1973 in Bergisch Gladbach geboren, erregte Klum 1992 erstmals Aufmerksamkeit, als sie einen nationalen Modelwettbewerb in Deutschland gewann. Dieser Sieg katapultierte sie in die Modebranche, wo sie schnell zu einer gefragten Persönlichkeit wurde. Bereits in den mittleren 1990er-Jahren arbeitete sie international und sicherte sich schließlich eine langfristige Rolle als Markenbotschafterin für L'Oréal Paris.
Ihre Karriere erweiterte sich über das Modeln hinaus, als sie als Jurorin und Moderatorin in beliebten Formaten wie Project Runway auftrat. Diese Auftritte steigerten ihre Bekanntheit und machten sie in den USA zu einem Star. 2008 erwarb sie offiziell die amerikanische Staatsbürgerschaft, was ihre Verbindung zu dem Land weiter festigte.
Auch Klums Privatleben weckte öffentliches Interesse. 2005 heiratete sie den Sänger Seal, mit dem sie vier Kinder – Leni, Henry, Johan und Lou – hatte, bevor das Paar sich 2012 scheiden ließ. 2017 heiratete sie den Musiker Tom Kaulitz, Mitglied der Band Tokio Hotel. Ihr Einfluss war so groß, dass ihr sogar ein eigener Tag gewidmet wurde – der "Heidi Klum Day" – in Anerkennung ihres bleibenden Einflusses auf Mode und Popkultur.

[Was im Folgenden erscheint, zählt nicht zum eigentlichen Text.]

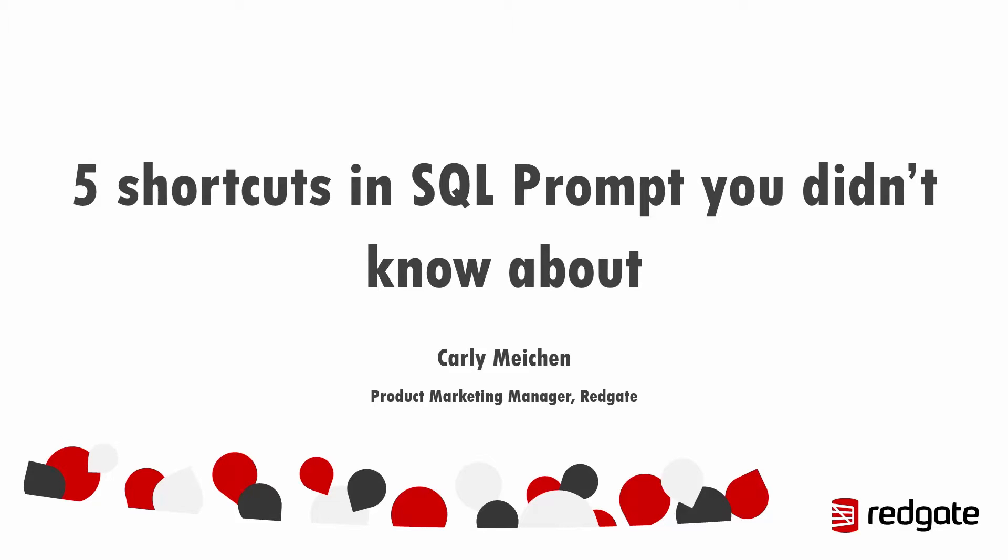Hello, I'm Carly Meakin and today I'm going to tell you about five shortcuts in SQL Prompt you probably didn't know about.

In der Zukunft wird Klum beim Filmfestival von Cannes 2024 erwartet und bleibt damit bei hochkarätigen Veranstaltungen präsent.
Klums Karriere zeigt keine Anzeichen einer Verlangsamung. Mit laufenden Projekten in Fernsehen, Mode und öffentlichen Auftritten behält sie eine herausragende Position in der Unterhaltungsbranche. Ihre Fähigkeit, sich immer wieder neu zu erfinden und dabei relevant zu bleiben, hält sie seit über drei Jahrzehnten im Rampenlicht.